▶ PROMPT
Exactly the lines from the first line of the listing through the line containing "ALD1D5FM00A2A00 - Saia" should appear in the output, unchanged.
━━ EXERCISE INPUT
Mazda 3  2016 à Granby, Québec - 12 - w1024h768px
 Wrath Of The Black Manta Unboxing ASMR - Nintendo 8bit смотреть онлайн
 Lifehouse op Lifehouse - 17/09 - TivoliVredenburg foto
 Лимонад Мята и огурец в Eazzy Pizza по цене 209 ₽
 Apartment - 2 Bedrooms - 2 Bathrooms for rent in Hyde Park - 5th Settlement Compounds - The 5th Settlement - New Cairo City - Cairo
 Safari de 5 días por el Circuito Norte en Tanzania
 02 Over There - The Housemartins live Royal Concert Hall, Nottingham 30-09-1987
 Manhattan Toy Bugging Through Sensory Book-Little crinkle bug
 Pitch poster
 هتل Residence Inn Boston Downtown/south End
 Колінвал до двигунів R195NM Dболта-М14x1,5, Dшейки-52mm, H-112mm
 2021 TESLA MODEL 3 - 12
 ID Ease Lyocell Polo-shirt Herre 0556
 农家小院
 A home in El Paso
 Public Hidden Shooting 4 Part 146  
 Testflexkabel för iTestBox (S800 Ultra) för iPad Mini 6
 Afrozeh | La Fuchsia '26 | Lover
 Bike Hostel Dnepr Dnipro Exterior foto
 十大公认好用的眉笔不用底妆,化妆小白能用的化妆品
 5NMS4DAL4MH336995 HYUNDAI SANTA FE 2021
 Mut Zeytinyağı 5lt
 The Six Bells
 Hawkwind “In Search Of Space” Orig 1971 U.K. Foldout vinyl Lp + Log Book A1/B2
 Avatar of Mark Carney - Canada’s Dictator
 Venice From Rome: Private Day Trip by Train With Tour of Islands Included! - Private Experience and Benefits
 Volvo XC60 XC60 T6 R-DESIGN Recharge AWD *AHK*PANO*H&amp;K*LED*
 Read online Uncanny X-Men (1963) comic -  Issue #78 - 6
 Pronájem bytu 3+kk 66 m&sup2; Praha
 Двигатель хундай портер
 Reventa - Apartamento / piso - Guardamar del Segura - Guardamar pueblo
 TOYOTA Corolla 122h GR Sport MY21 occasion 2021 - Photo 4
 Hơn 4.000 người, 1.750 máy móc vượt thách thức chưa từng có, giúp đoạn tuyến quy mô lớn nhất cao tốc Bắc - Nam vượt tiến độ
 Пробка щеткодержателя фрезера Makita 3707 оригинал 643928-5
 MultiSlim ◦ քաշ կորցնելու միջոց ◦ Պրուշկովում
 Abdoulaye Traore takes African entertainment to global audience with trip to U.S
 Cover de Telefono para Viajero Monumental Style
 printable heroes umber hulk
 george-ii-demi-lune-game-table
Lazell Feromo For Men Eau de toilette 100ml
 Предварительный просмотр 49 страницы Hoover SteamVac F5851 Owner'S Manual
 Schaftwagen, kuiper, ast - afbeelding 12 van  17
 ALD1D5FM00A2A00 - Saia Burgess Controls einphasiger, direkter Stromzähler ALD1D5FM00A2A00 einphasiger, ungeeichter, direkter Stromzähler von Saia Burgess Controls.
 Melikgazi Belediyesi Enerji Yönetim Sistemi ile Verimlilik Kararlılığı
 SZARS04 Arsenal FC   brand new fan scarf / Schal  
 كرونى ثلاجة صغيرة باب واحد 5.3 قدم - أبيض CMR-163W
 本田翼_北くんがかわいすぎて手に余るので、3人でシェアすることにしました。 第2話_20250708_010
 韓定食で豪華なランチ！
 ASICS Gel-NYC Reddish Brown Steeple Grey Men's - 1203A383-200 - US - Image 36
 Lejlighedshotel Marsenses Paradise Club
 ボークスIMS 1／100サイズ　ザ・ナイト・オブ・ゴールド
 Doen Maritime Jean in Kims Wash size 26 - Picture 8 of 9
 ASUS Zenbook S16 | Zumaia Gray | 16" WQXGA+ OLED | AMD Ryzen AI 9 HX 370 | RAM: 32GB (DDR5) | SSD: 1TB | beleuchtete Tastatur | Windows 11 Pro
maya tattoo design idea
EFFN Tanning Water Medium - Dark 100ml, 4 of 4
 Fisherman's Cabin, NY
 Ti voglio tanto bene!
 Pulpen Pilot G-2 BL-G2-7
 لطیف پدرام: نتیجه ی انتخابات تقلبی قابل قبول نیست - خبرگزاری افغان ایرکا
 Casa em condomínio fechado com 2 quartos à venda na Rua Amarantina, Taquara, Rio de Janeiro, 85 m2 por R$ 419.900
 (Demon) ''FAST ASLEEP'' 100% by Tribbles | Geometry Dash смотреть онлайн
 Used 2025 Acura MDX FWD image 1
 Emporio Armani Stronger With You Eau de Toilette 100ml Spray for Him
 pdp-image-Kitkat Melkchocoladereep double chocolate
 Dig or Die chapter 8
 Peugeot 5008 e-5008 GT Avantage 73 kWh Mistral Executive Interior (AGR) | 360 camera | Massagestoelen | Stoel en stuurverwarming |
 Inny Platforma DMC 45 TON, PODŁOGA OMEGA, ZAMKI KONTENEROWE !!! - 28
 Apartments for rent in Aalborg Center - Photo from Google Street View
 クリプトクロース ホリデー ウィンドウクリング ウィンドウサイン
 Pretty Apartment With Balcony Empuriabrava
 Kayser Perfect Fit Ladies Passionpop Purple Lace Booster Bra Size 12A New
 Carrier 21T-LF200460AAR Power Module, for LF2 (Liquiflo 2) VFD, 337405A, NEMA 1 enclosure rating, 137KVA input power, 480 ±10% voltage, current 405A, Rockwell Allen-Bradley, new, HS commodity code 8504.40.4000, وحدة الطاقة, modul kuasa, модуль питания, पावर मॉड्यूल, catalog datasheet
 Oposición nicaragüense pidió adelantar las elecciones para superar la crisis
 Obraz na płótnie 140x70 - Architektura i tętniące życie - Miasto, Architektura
━━━━
▶ RESPONSE FOR THIS EXERCISE
Mazda 3  2016 à Granby, Québec - 12 - w1024h768px
 Wrath Of The Black Manta Unboxing ASMR - Nintendo 8bit смотреть онлайн
 Lifehouse op Lifehouse - 17/09 - TivoliVredenburg foto
 Лимонад Мята и огурец в Eazzy Pizza по цене 209 ₽
 Apartment - 2 Bedrooms - 2 Bathrooms for rent in Hyde Park - 5th Settlement Compounds - The 5th Settlement - New Cairo City - Cairo
 Safari de 5 días por el Circuito Norte en Tanzania
 02 Over There - The Housemartins live Royal Concert Hall, Nottingham 30-09-1987
 Manhattan Toy Bugging Through Sensory Book-Little crinkle bug
 Pitch poster
 هتل Residence Inn Boston Downtown/south End
 Колінвал до двигунів R195NM Dболта-М14x1,5, Dшейки-52mm, H-112mm
 2021 TESLA MODEL 3 - 12
 ID Ease Lyocell Polo-shirt Herre 0556
 农家小院
 A home in El Paso
 Public Hidden Shooting 4 Part 146  
 Testflexkabel för iTestBox (S800 Ultra) för iPad Mini 6
 Afrozeh | La Fuchsia '26 | Lover
 Bike Hostel Dnepr Dnipro Exterior foto
 十大公认好用的眉笔不用底妆,化妆小白能用的化妆品
 5NMS4DAL4MH336995 HYUNDAI SANTA FE 2021
 Mut Zeytinyağı 5lt
 The Six Bells
 Hawkwind “In Search Of Space” Orig 1971 U.K. Foldout vinyl Lp + Log Book A1/B2
 Avatar of Mark Carney - Canada’s Dictator
 Venice From Rome: Private Day Trip by Train With Tour of Islands Included! - Private Experience and Benefits
 Volvo XC60 XC60 T6 R-DESIGN Recharge AWD *AHK*PANO*H&amp;K*LED*
 Read online Uncanny X-Men (1963) comic -  Issue #78 - 6
 Pronájem bytu 3+kk 66 m&sup2; Praha
 Двигатель хундай портер
 Reventa - Apartamento / piso - Guardamar del Segura - Guardamar pueblo
 TOYOTA Corolla 122h GR Sport MY21 occasion 2021 - Photo 4
 Hơn 4.000 người, 1.750 máy móc vượt thách thức chưa từng có, giúp đoạn tuyến quy mô lớn nhất cao tốc Bắc - Nam vượt tiến độ
 Пробка щеткодержателя фрезера Makita 3707 оригинал 643928-5
 MultiSlim ◦ քաշ կորցնելու միջոց ◦ Պրուշկովում
 Abdoulaye Traore takes African entertainment to global audience with trip to U.S
 Cover de Telefono para Viajero Monumental Style
 printable heroes umber hulk
 george-ii-demi-lune-game-table
Lazell Feromo For Men Eau de toilette 100ml
 Предварительный просмотр 49 страницы Hoover SteamVac F5851 Owner'S Manual
 Schaftwagen, kuiper, ast - afbeelding 12 van  17
 ALD1D5FM00A2A00 - Saia Burgess Controls einphasiger, direkter Stromzähler ALD1D5FM00A2A00 einphasiger, ungeeichter, direkter Stromzähler von Saia Burgess Controls.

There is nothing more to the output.